(Short web captions)
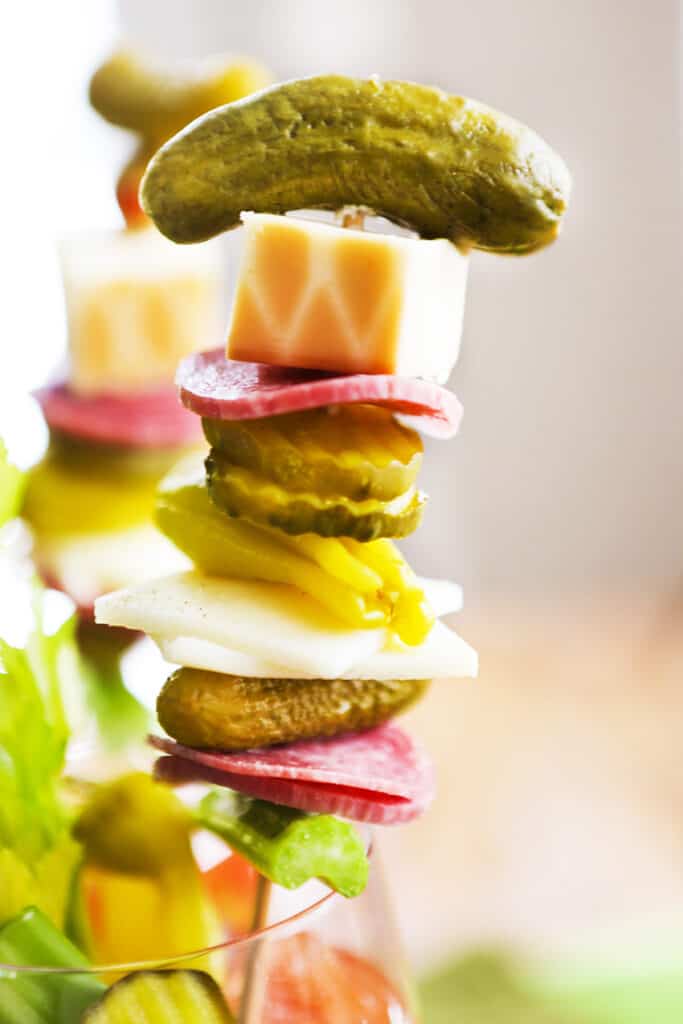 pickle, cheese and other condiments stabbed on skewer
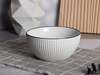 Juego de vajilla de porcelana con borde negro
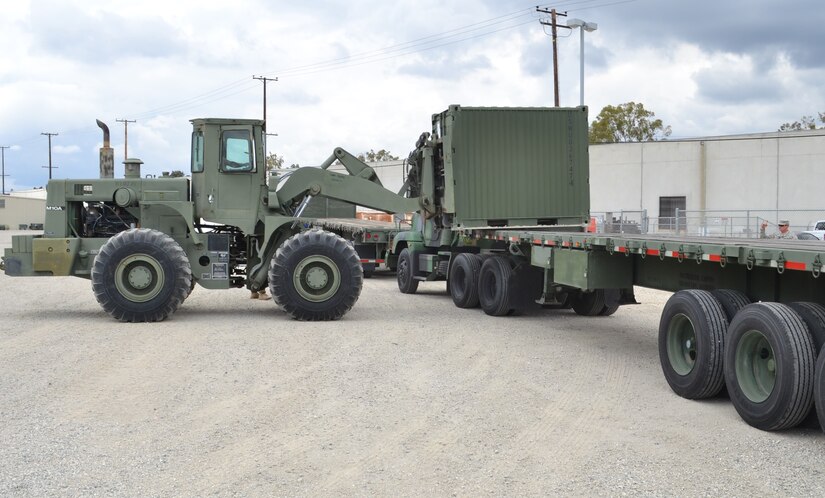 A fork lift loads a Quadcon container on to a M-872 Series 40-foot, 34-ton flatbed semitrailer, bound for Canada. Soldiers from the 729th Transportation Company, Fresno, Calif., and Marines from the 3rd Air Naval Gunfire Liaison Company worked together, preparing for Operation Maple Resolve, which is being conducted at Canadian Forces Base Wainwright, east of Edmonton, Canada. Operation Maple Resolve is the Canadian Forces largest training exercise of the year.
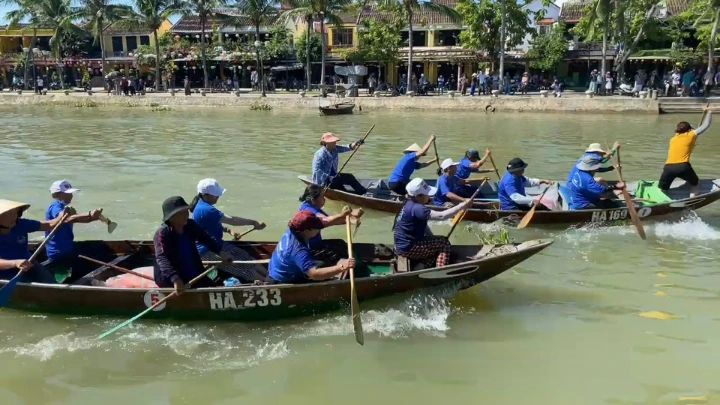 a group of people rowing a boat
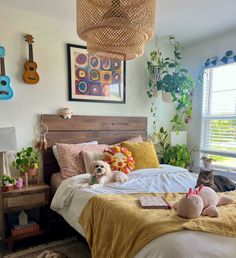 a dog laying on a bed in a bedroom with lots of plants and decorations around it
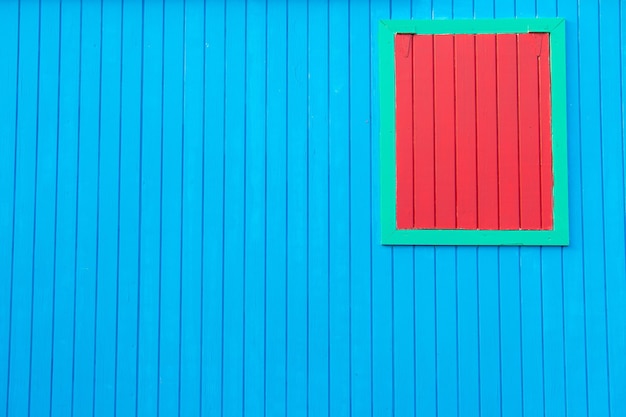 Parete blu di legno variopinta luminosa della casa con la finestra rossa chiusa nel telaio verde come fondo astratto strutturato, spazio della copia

**Try it**
Give the records back exactly. Leave the pictures out.

**Response to the exercise**
 pickle, cheese and other condiments stabbed on skewer
 Juego de vajilla de porcelana con borde negro
 A fork lift loads a Quadcon container on to a M-872 Series 40-foot, 34-ton flatbed semitrailer, bound for Canada. Soldiers from the 729th Transportation Company, Fresno, Calif., and Marines from the 3rd Air Naval Gunfire Liaison Company worked together, preparing for Operation Maple Resolve, which is being conducted at Canadian Forces Base Wainwright, east of Edmonton, Canada. Operation Maple Resolve is the Canadian Forces largest training exercise of the year.
 a group of people rowing a boat
 a dog laying on a bed in a bedroom with lots of plants and decorations around it
 Parete blu di legno variopinta luminosa della casa con la finestra rossa chiusa nel telaio verde come fondo astratto strutturato, spazio della copia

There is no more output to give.